A friend of mine suggested The Old Man and the Sea as a possibility. I mulled it over for a while and ultimately did nothing about it. I had plenty of other things to do without wasting my time with Hemingway.

Then, one wintery Saturday, around 4:30 p.m., I took my usual weekend constitutional a mile down the street, right for three blocks, up one more, across the K-Mart shopping plaza, and up two or three more blocks to the thrift store. I frequented this particular with some frequency to buy books.

After entering the toasty, though oddly aromatic store, I made my directly to the bookshelves. On the far shelf, among the other paperbacks, I found a like-new edition of The Old Man and the Sea. Seventy-five cents. I was determined not to buy a book I might have ended up hating. But the gray-and-red cover beckoned to me as the store's fluorescent lighting glinted off the book's glossy paper finish. Very well, I thought; I have avoided you long enough, Hemingway. But if you disappoint me again, you and I are done.

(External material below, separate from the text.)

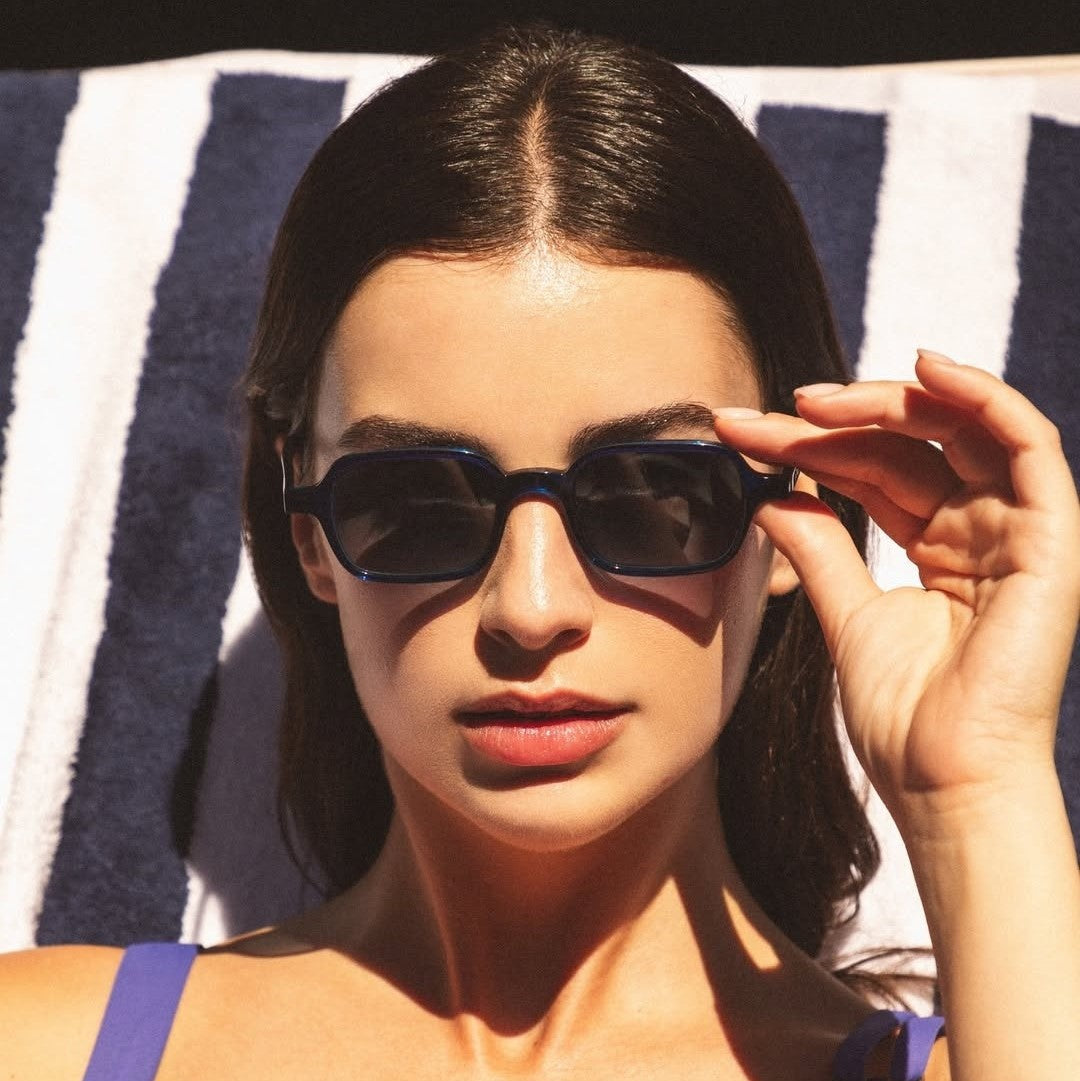 Dame moteriktig solbrille i unikt, moderne design Skanto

I sat down on one of the musty, brown sofas in the back corner of the store and began to read.

And I read.

And I read.

And for two hours I read.

During that time, I looked up every so often, only to see that a middle-aged Hispanic man had taken up permanent residence in an old leather recliner not five feet from me. He smiled, somewhat creepily. I imagine that was his way though. After all, he was missing teeth; he could not have done otherwise. I read some more.

I was not disappointed.
I finished the book around the store's closing time, and my respect for Ernest had been rejuvenated. More than rejuvenated, it had been created ex nihilo. I paid for it, as well as a few others, and walked slowly home, immersed in thought, sideways snowflakes, and a toothy wind.

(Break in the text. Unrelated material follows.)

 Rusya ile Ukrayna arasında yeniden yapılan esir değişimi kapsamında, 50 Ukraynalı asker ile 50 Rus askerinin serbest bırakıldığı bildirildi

Plot Summary: The story centers around a Cuban (a man, not a cigar) who catches a giant marlin (a fish, not a baseball player) in the Gulf of Mexico. His battle against the large fish and voracious sharks who would rob him of it leads to his statement, "But man is not made for defeat. A man can be destroyed but never defeated," which happens to be one of my favorite quotations from the book.

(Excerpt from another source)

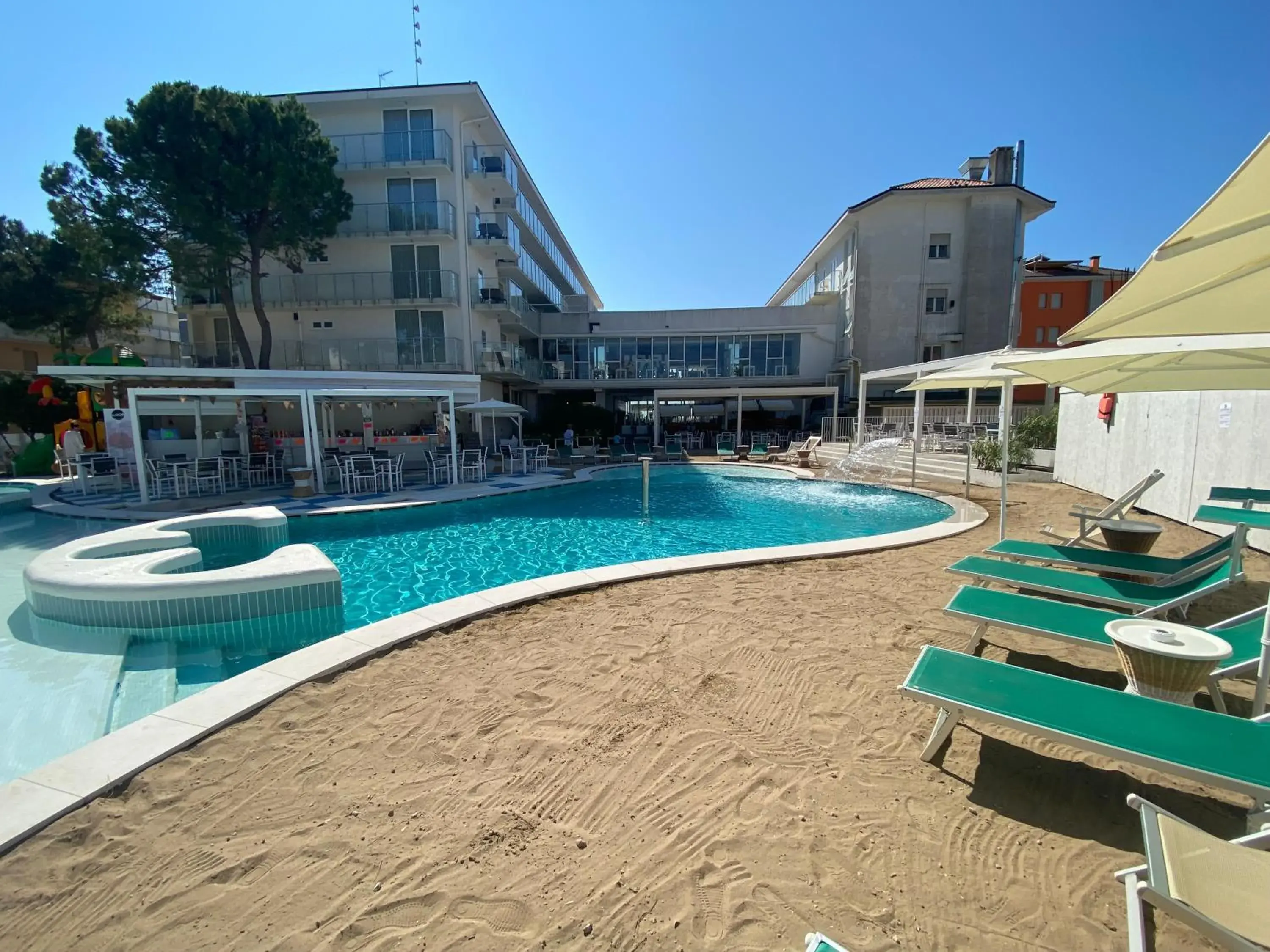 Swimming Pool in Marina Palace Hotel 4 stelle S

I can say no more about the story line itself because I do not wish to give anything away or make you feel like there is no point in reading it now. However, I will say that this book will force you into introspection and make you question your own purpose and will to achieve your personal goals in life. I know that sounds odd because I am describing a work which came from the typewriter of a man like Hemingway who shot himself, but it's true. I felt it when I read it the first time. I felt it when I read it the second time. I do not belive there is an individual alive who cannot relate in some way to the little Cuban fisherman who must fight physically and mentally against time, nature, and his own body and mind.

And thus, at last, we see in the fisherman the real Hemingway, a man who ultimately may have lost his fish, his fight, his nerve perhaps. Maybe his fingers cramped, his mind weakened, his stomach starved. Regardless, Ernest, "you stand at the blackboard.../ in the picture I have of you" (from Sylvia Plath's "Daddy"), you "dear father, graybeard, lonely old courage-teacher" (from Allen Ginsberg's "A Supermarket in California"), and in your work we find "the singing locust of the soul unshelled, / and all we mean or wish to mean" (from Richard Wilbur's "Advice to a Prophet").